## [PROBLEM]
Write out, as an exact transcription, the line that has "Guided Private Tuk" and each line after it through the end of the data below.

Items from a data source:
- Opening Delimiter -

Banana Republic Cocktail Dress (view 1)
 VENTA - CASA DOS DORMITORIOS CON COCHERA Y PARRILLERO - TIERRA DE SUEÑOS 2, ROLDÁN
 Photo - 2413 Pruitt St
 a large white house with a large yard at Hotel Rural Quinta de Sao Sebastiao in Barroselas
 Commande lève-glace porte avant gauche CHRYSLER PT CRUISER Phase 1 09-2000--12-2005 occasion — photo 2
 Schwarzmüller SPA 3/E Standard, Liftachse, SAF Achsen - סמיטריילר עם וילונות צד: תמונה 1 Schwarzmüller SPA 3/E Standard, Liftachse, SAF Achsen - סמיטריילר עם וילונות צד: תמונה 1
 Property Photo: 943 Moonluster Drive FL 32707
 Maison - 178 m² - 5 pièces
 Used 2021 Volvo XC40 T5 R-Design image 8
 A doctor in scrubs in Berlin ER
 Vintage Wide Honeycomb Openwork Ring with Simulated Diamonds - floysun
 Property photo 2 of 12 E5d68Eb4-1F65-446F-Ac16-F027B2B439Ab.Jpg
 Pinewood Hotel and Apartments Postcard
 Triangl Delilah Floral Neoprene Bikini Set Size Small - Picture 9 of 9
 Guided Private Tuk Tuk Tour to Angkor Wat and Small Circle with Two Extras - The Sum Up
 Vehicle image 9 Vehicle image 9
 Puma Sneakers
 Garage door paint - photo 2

- Closing Delimiter -

## [ANSWER]
 Guided Private Tuk Tuk Tour to Angkor Wat and Small Circle with Two Extras - The Sum Up
 Vehicle image 9 Vehicle image 9
 Puma Sneakers
 Garage door paint - photo 2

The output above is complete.